Kegiatan fisik dan olahraga secara teratur dan cukup takarannya dapat
membantu mempertahankan derajat kesehatan yang optimal. Kegiatan fisik
lainnya dan olahraga yang tidak seimbang dengan energi yang dikonsumsi
menyebabkan energi yang dikeluarkan lebih banyak daripada yang dikonsumsi,
padahal idealnya energi yang dikeluarkan lebih baik seimbang dengan energi
yang dikonsumsi (Almatsier 2004).
Morbiditas
Morbiditas dan status gizi merupakan variabel yang mencerminkan status
kesehatan. Morbiditas ini meliputi prevalensi penyakit menular dan penyakit tidak
menular. Derajat kesehatan atau status kesehatan adalah tingkat kesehatan
perorangan, kelompok atau masyarakat yang diukur dengan angka kematian,
umur harapan hidup, status gizi, dan angka kesakitan (morbiditas) (Depkes
2008). Menurut Subandriyo dan Hartanti (1993), angka kesakitan (morbiditas)

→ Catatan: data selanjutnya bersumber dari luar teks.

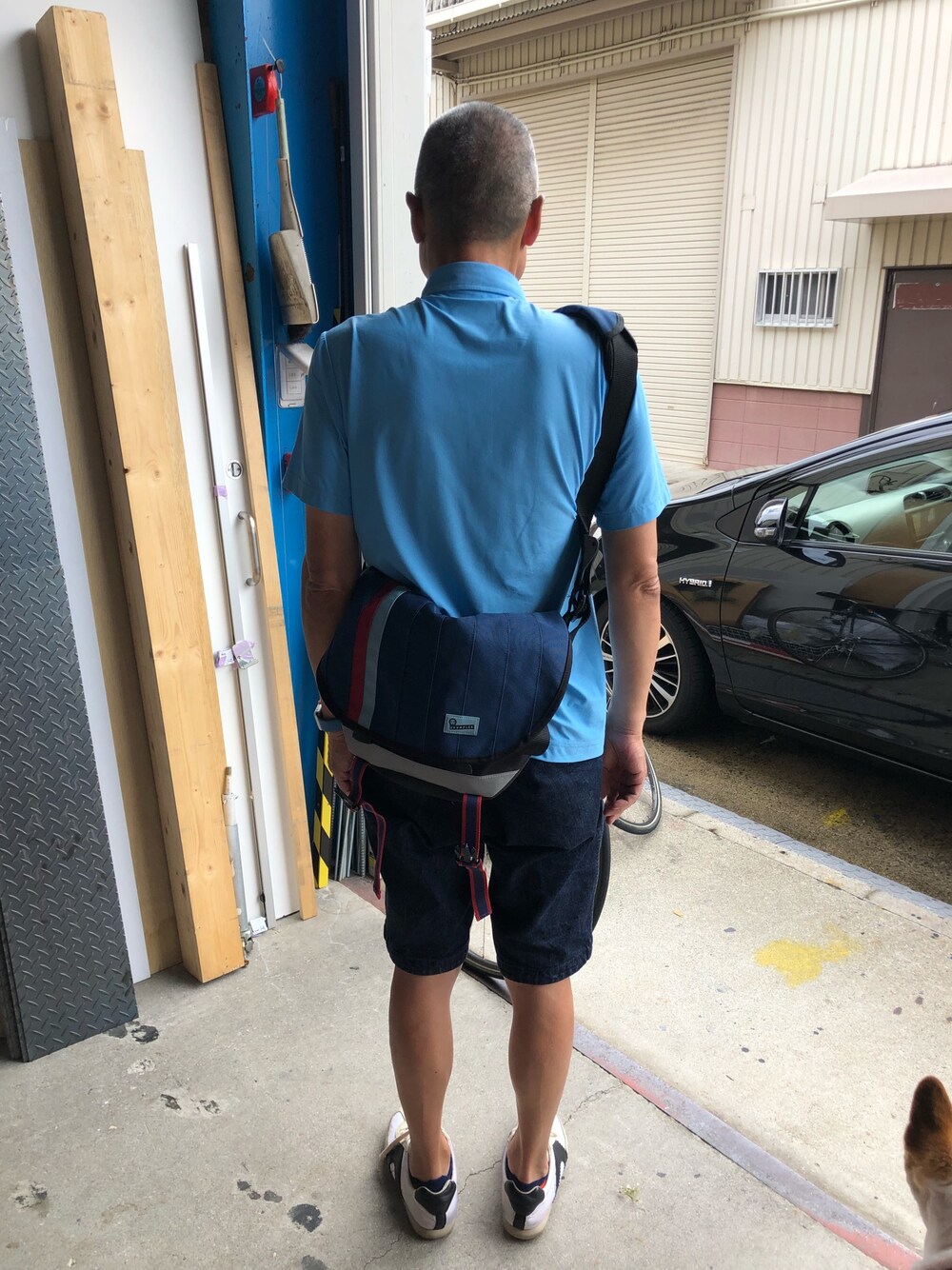 「CRUMPLERのアイテム（メッセンジャーバッグ、ブルー系）」を使った、yongihさん（メンズ・175cm）の夏コーディネートの1枚目の写真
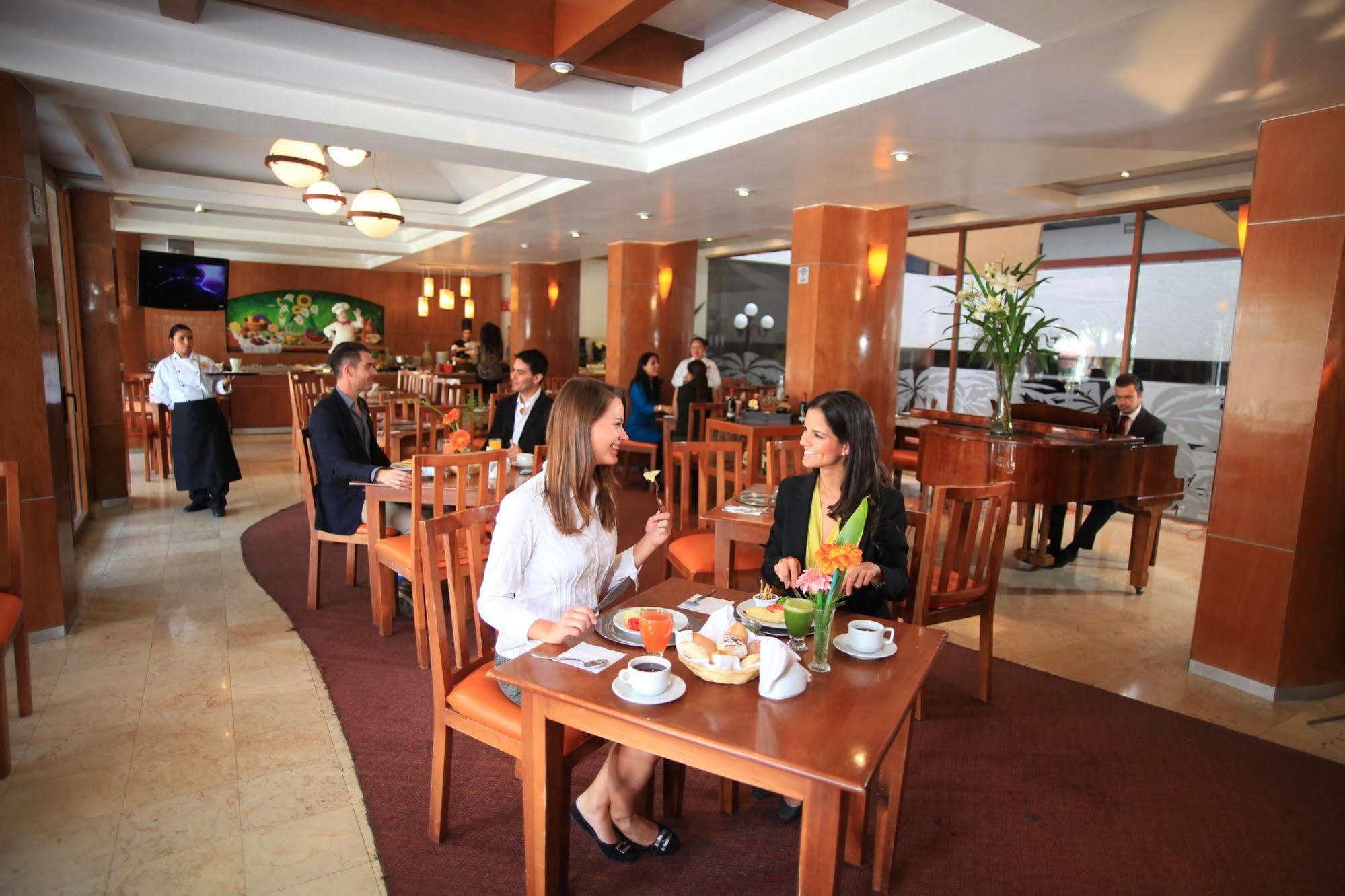 Hotel Ciros Pachuca Екстериор снимка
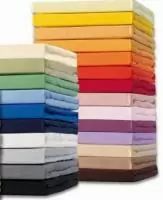 Простыня трикотажная на резинке 140*200 100% хлопок, плотность 145гр персик Персиковый - фото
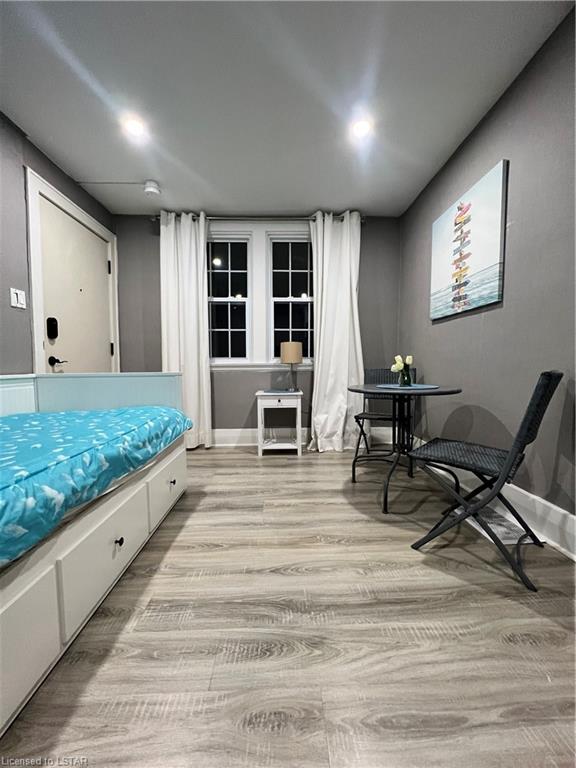 389 Dufferin Avenue, #4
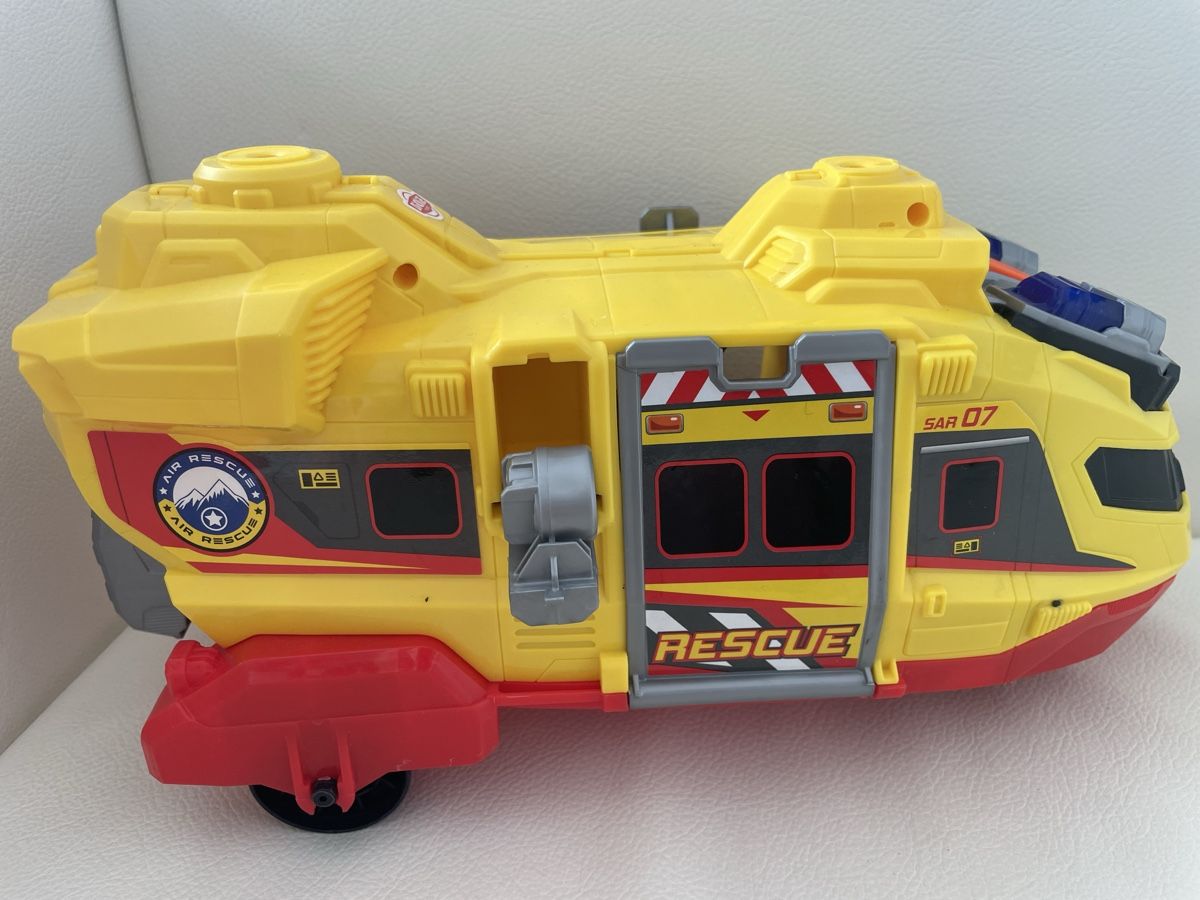 Spielzeuge: Spielzeug Helikopter plus Geschenk – Gebraucht aus Rüti ZH von Tal_ga6N 5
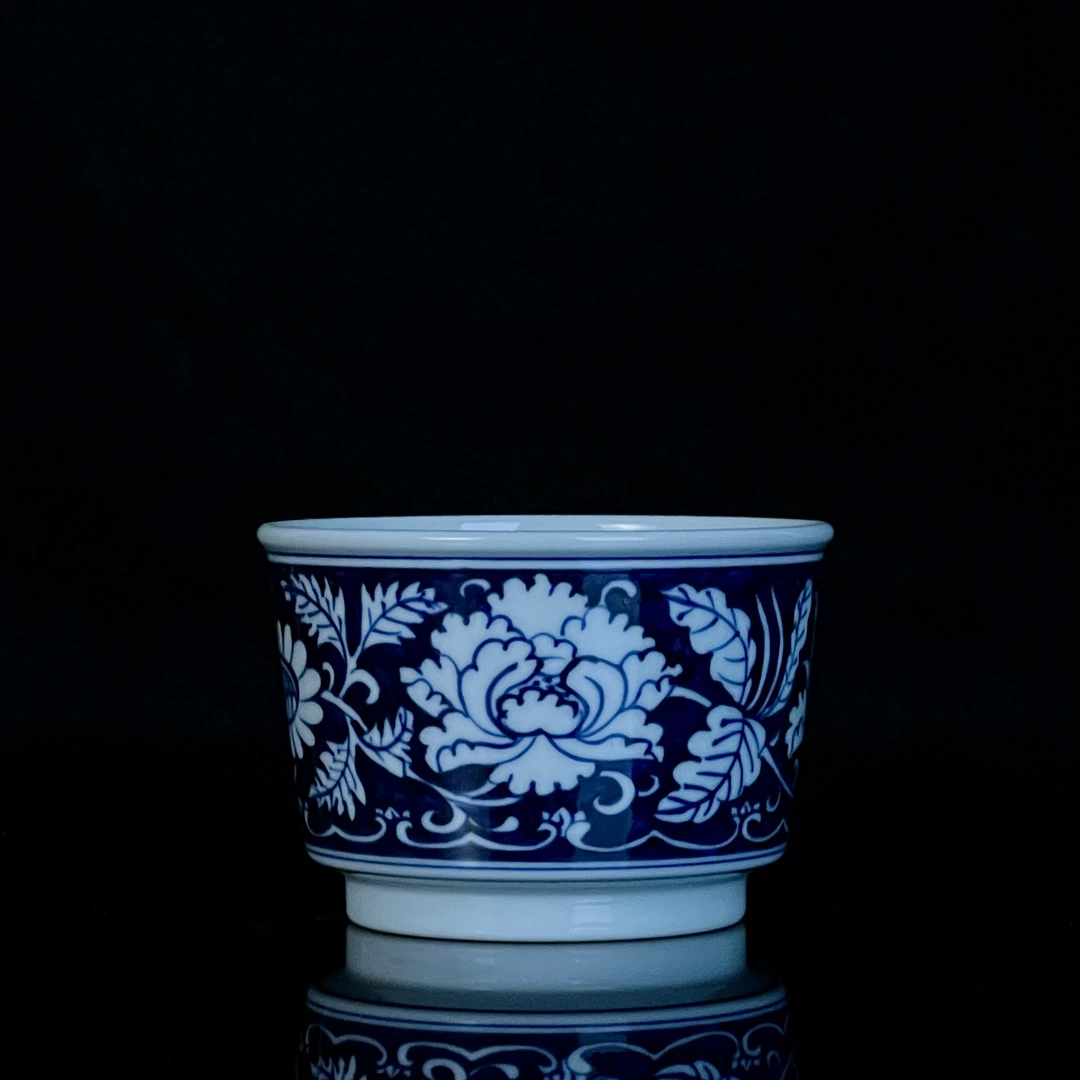 泑山窑出品，手工手绘陶瓷四季花卉龙天杯，容量100毫升茶具茶杯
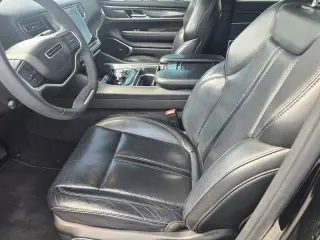 2022 Jeep Wagoneer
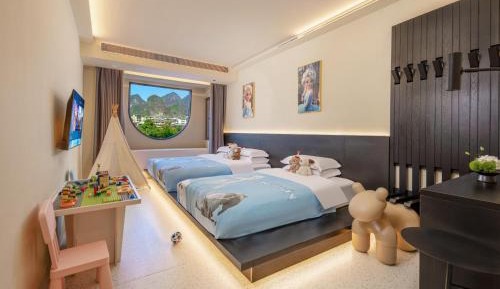 Family Room with Mountain View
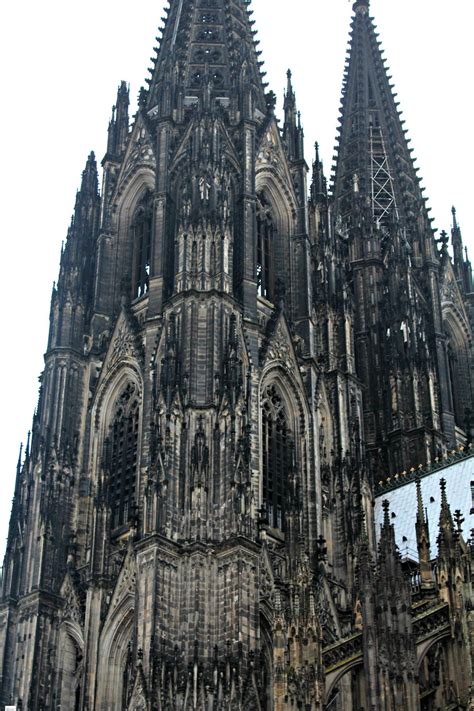 The Cologne Cathedral (Exterior) // Germany | Caravan Sonnet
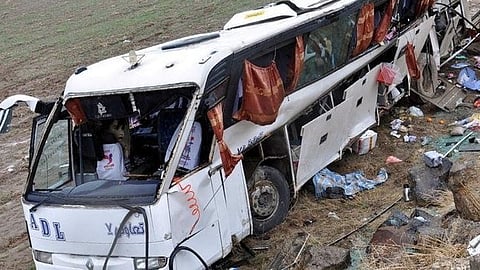 പാകിസ്ഥാനി തീർഥാടകസംഘം ഇറാനിൽ അപകടത്തിൽ പെട്ട് 35 മരണം; മരിച്ചത് ഇറാഖിലേക്ക് പോയ ഷിയ തീർഥാടകർ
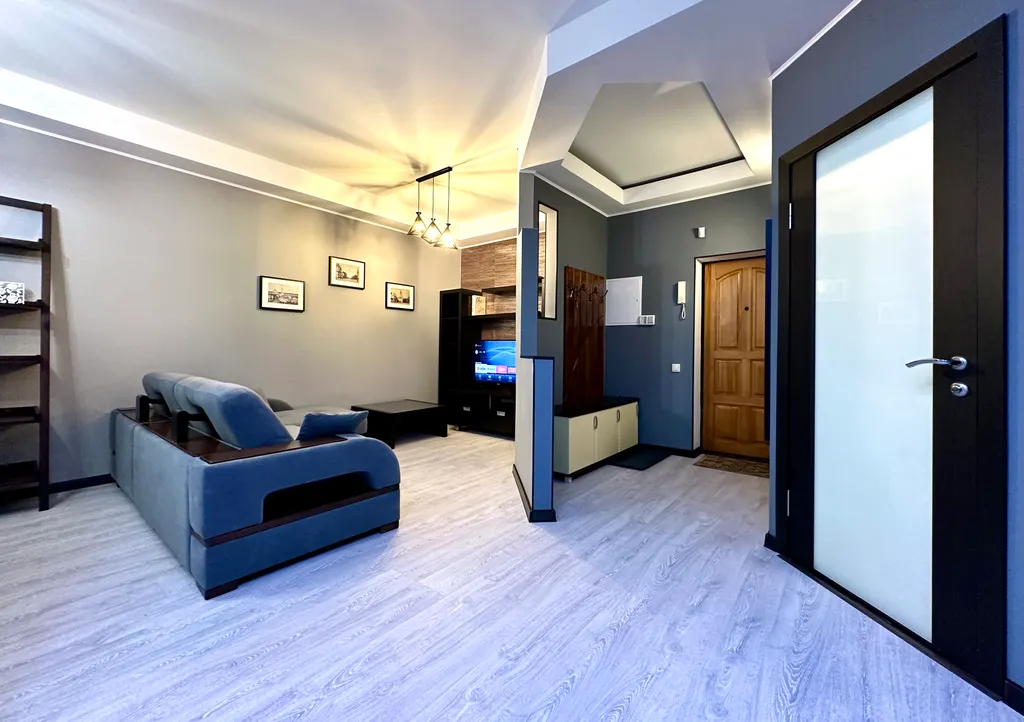 Двухкомнатная студия. Идеальная локация. Парковка во дворе.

lebih mencerminkan keadaan kesehatan sesungguhnya, sebab kejadian
kesakitan mempunyai hubungan yang erat dengan berbagai faktor lingkungan,
seperti perumahan, air minum dan kebersihan serta faktor kemiskinan,
kekurangan gizi serta pelayanan kesehatan di daerah tersebut. Sedangkan
angka kematian lebih banyak dipengaruhi oleh kemajuan teknologi kedokteran
sehingga kurang mencerminkan keadaan kesehatan yang sesungguhnya.
Faktor yang mempengaruhi kesehatan adalah penyebab penyakit,
manusia, dan lingkungan. Gangguan keseimbangan diantara ketiga faktor
tersebut menimbulkan gangguan kesehatan yang menyebabkan penurunan
derajat kesehatan seseorang. Penyebab penyakit dapat berasal dari dalam
maupun luar tubuh. Daya tahan tubuh manusia akan mempengaruhi kemudahan
terkena penyakit. Lingkungan adalah segala sesuatu yang berada di sekitar
manusia dan dapat mempengaruhi kehidupannya (Subandriyo & Hartanti 1994).